What you should do:
Below are records; how many of their lines contain "Crescent"? Give the number and no other words.

(Records from a data source)
• • • •
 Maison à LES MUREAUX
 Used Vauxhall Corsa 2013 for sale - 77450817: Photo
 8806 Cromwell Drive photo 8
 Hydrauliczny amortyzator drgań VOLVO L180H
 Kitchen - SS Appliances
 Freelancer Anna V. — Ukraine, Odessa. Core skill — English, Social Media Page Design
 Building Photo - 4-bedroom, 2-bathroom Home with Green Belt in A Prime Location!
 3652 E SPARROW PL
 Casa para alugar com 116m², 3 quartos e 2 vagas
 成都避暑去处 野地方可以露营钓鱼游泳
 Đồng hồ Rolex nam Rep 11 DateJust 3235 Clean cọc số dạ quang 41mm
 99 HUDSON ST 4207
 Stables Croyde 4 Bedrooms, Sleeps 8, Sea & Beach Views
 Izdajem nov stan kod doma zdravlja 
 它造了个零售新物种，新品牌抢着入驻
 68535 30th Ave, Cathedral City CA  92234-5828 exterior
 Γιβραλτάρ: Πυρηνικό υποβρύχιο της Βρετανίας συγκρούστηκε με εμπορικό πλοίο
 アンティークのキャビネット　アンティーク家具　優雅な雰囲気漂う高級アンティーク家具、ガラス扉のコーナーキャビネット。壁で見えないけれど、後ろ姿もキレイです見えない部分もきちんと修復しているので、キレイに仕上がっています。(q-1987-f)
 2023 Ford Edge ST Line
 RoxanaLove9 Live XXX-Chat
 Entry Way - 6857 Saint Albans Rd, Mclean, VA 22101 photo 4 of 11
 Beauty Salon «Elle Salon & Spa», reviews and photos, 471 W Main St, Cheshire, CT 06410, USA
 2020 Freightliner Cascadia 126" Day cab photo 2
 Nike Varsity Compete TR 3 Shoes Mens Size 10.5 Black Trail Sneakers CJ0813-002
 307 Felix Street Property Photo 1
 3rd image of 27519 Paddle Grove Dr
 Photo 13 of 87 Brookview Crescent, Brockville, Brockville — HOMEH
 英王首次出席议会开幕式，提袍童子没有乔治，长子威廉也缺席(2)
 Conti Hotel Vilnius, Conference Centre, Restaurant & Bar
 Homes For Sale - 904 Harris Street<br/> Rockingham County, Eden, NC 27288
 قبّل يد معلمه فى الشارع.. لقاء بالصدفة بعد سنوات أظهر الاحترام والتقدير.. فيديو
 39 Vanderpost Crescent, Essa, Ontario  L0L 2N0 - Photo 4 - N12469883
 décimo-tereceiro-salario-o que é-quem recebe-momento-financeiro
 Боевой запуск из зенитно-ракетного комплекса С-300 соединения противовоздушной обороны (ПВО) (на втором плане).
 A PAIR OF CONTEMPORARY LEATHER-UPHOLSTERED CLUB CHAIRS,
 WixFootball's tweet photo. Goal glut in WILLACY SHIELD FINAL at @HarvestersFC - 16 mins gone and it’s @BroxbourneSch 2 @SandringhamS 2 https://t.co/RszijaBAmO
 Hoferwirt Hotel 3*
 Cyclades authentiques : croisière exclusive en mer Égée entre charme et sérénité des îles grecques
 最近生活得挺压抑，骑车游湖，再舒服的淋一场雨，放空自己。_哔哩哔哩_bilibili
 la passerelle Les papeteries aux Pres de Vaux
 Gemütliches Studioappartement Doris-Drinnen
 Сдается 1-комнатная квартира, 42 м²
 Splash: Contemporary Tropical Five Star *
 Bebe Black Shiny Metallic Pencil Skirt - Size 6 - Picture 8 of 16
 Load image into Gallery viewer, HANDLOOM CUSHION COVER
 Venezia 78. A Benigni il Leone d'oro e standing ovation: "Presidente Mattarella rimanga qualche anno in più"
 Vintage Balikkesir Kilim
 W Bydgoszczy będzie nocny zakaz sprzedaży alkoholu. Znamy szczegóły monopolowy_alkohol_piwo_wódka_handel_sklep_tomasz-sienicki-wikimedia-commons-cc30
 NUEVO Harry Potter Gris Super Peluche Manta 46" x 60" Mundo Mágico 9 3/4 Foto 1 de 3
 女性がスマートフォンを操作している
• • • •
Answer area:
2